Friday, February 11, 2000

By WILLIAM ARNOLD Mail Author
SEATTLE POST-INTELLIGENCER
MOVIE CRITIC

All those teenage fans who have been breathlessly awaiting Leonardo DiCaprio's follow-up to "Titanic" are likely to be disappointed by "The Beach." The Hollywood golden boy plays a liar, a coward and a weakling who, when the chips are down, is also a big crybaby.

Others might find the movie a bit more interesting. It doesn't really come off, but it's an admirably ambitious, and mostly very engaging, coming-of-age adventure that apes the spirit of Joseph Conrad (and Hollywood's most famous Conrad adaptation, "Apocalypse Now").

DiCaprio plays Richard, a young American backpacker alone in wicked Bangkok who is given a map by an older and seemingly crazed ex-pat (Robert Carlyle) that supposedly will lead him to a secret island off the southern coast of Thailand containing "a perfect beach" -- a veritable paradise on Earth.

In the company of a French couple (Virginie Ledoyen and Guillaume Canet), Richard impulsively follows the map to a tiny island just north of Ko Samui, where he finds a commune of young exiles who have founded a "beach resort for people who don't like beach resorts" -- and jealously guard the secret of the place.

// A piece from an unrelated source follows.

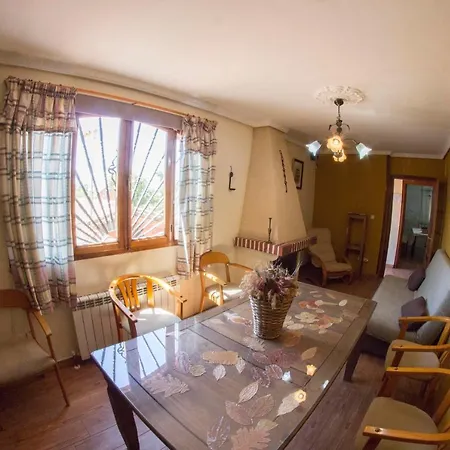 La Charca De La Dehesa Casas del Monte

The trio are accepted by the tribe of pleasure-seekers and, for a while, live out their wildest fantasy of paradise. But, gradually, a combination of sexual jealousy, paranoia, neighboring drug farmers and the harsh reality of life rears its head, and the hero finds himself descending into a heart of darkness.

Adapted from a novel by Alex Garland by the "Trainspotting" team (director Danny Boyle, producer Andrew Macdonald, writer John Hodge), the film treats us to a gallery of gorgeous Thai scenery and half-naked young bodies, several scenes of nail-biting tension and two of Boyle's trademark comic-fantasy sequences.

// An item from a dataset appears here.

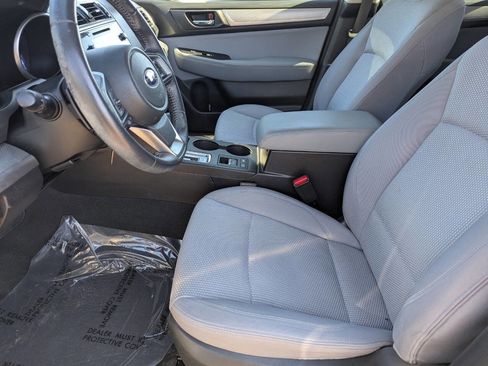 Used 2019 Subaru Outback 2.5i Premium image 25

For most of the film, its pseudo-Conradian edge, and its running homage to "Apocalypse Now" -- including a scene from that film, the famous whirling ceiling fan opening, and non-stop, hard-boiled voice-over narration (everything but the Doors on the soundtrack) -- is fun.

Even though his character engenders little sympathy or movie-star sparkle, DiCaprio gives a strong and relatively unmannered character performance that holds the movie together. He's simply one of the very best young actors of his generation, and he's not afraid to take chances and break the "rules" of movie stardom.

Somehow, however, the various themes the film explores -- the impossibility of "escape" anywhere on the planet, the frustrated thirst for high adventure in a generation that lives largely in cyberspace -- never come together with any emotional satisfaction or sense, and the film falls apart in the final act.

Throughout, one senses a war between the needs of artistic-minded filmmakers with a grim vision and the demands of a big-budget star vehicle. By the time the film works to its clumsy "author's message" and non sequitur happy ending, the Hollywood sensibility seems to have triumphed, and the movie rings terribly false.


MOVIE REVIEW

The Beach. Directed by Danny Boyle. Written by John Hodge. Cast: Leonardo DiCaprio, Virginie Ledoyen, Guillaume Canet, Tilda Swinton. 20th Century-Fox. Alderwood 7, Cinema 17, Crossroads, Everett Mall 1-3, Factoria, Galleria 11, Issaquah 9, Kent 6, Kirkland Parkplace, Lewis & Clark, Meridian 16, Mountlake 9, Neptune, Oak Tree, Redmond Town Center, Renton Village, SeaTac North, Woodinville 12. 118 minutes. Rated R for violence.